▸ Work instruction
What you return must match the records below character for character, except that no picture appears.

- - - - - - -

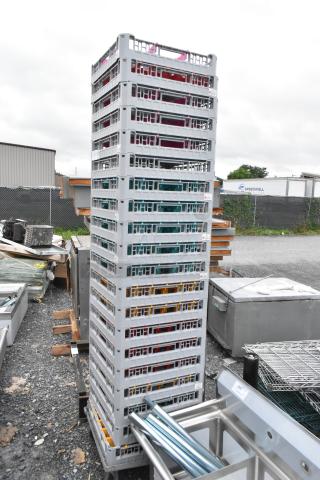 Lot of 20 Poly Dish Caddies stacked outdoors, grey with colored inserts, used condition, ideal for efficient dish storage.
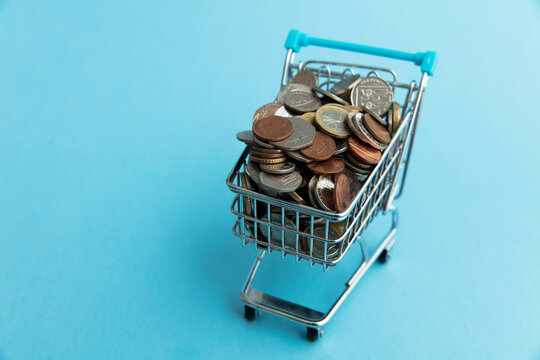 Shopping cart full of UK sterling coins. Cost of shopping concept
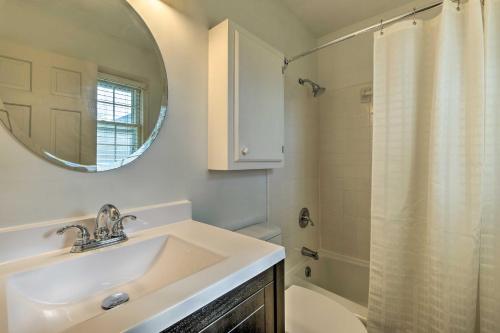 a bathroom with a sink and a mirror and a shower at Lexington Home about 2 Mi to University of Kentucky! in Lexington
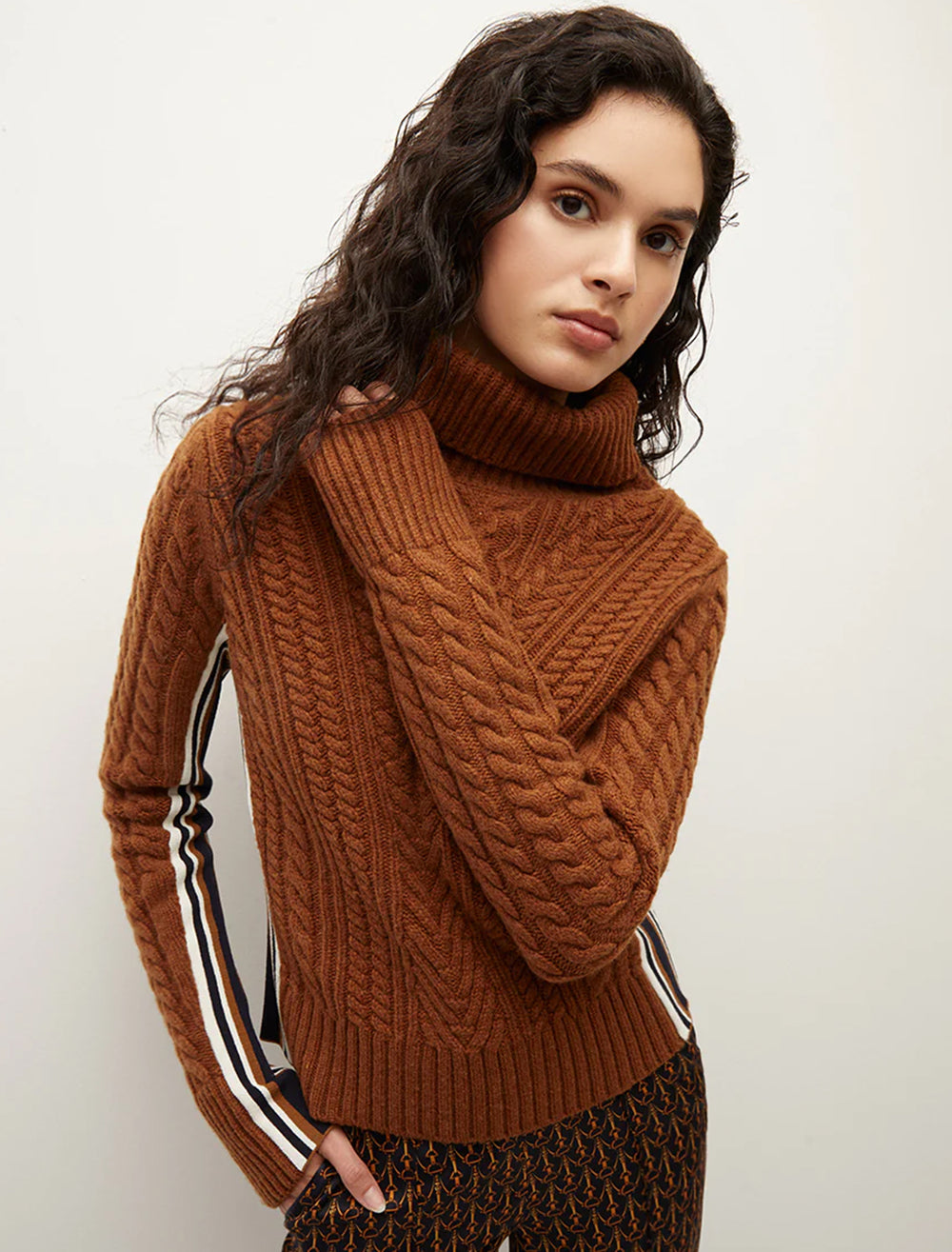 Model wearing Veronica Beard's maril sweater in dark ochre.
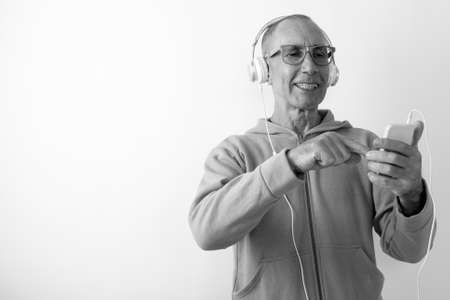 Studio shot of happy bald senior man smiling while using mobile phone and listening to music with eyeglasses against white backgroundの写真素材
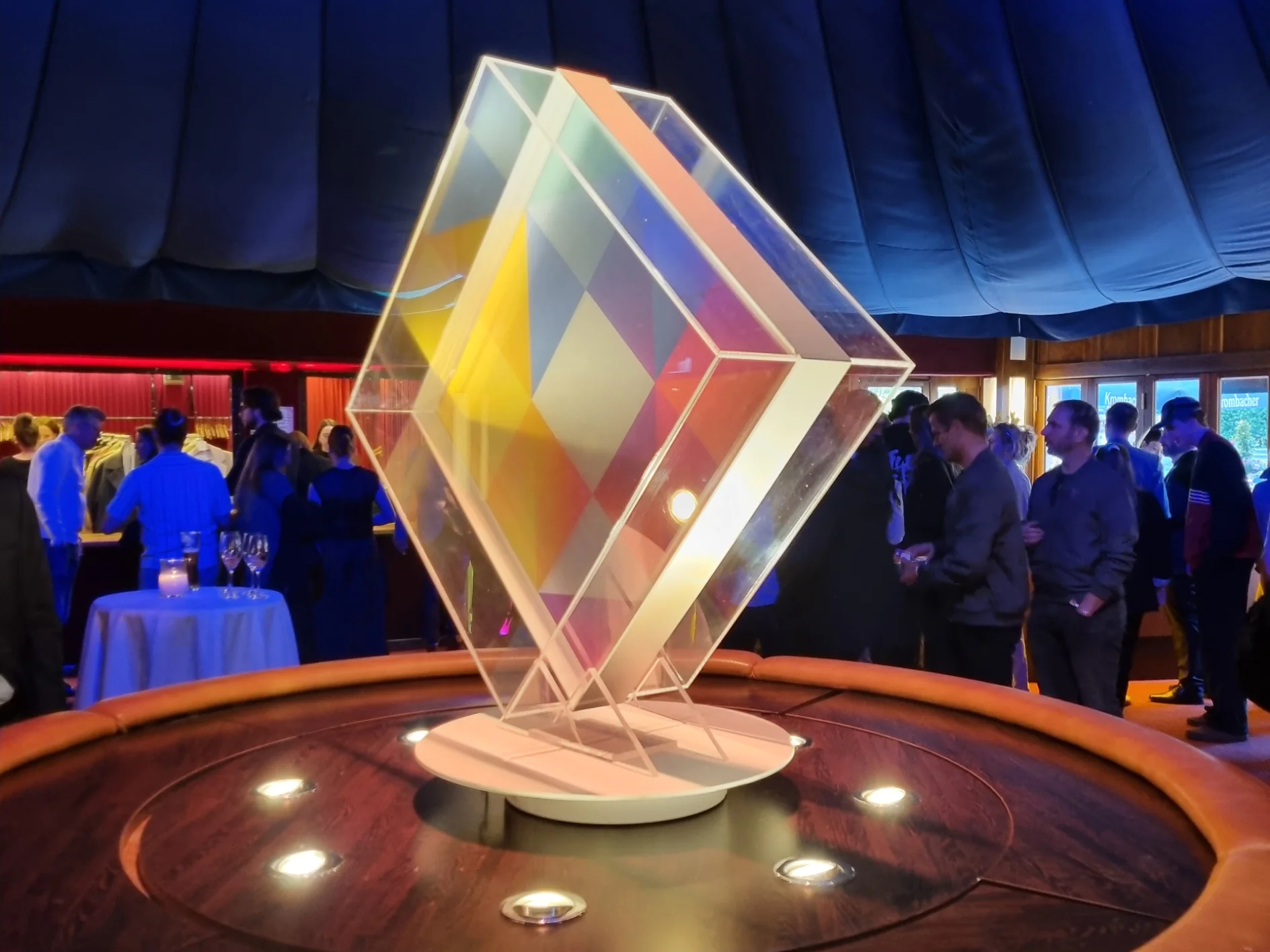 Eine große transparente geometrische Skulptur mit farbenfrohen Farbverläufen steht auf einem runden Sockel, umgeben von Menschen in Abendgarderobe bei einer Indoor-Veranstaltung mit blauer Beleuchtung und zeltartiger Decke. (This text has been generated by AI)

- - - - - - -

▸ Result of the exercise
 Lot of 20 Poly Dish Caddies stacked outdoors, grey with colored inserts, used condition, ideal for efficient dish storage.
 Shopping cart full of UK sterling coins. Cost of shopping concept
 a bathroom with a sink and a mirror and a shower at Lexington Home about 2 Mi to University of Kentucky! in Lexington
 Model wearing Veronica Beard's maril sweater in dark ochre.
 Studio shot of happy bald senior man smiling while using mobile phone and listening to music with eyeglasses against white backgroundの写真素材
 Eine große transparente geometrische Skulptur mit farbenfrohen Farbverläufen steht auf einem runden Sockel, umgeben von Menschen in Abendgarderobe bei einer Indoor-Veranstaltung mit blauer Beleuchtung und zeltartiger Decke. (This text has been generated by AI)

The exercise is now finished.